**How to complete this task:** Should the word "Estate" occur in a line of the records, copy that line.

**Task inputs:**
□ □ □ □ □
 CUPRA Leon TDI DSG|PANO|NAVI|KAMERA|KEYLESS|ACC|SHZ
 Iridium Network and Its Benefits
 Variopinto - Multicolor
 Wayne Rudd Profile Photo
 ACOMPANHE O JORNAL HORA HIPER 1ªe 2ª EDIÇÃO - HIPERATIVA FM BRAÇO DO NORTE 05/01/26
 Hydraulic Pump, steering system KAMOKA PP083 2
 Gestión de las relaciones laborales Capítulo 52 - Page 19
□ □ □ □ □
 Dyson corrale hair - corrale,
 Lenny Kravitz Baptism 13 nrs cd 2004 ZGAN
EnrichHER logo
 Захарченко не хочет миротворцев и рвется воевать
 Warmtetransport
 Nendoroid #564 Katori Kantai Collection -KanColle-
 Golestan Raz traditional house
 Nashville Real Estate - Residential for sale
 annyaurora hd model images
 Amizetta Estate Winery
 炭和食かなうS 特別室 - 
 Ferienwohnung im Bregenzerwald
□ □ □ □ □
**Exercise solution:**
 Nashville Real Estate - Residential for sale
 Amizetta Estate Winery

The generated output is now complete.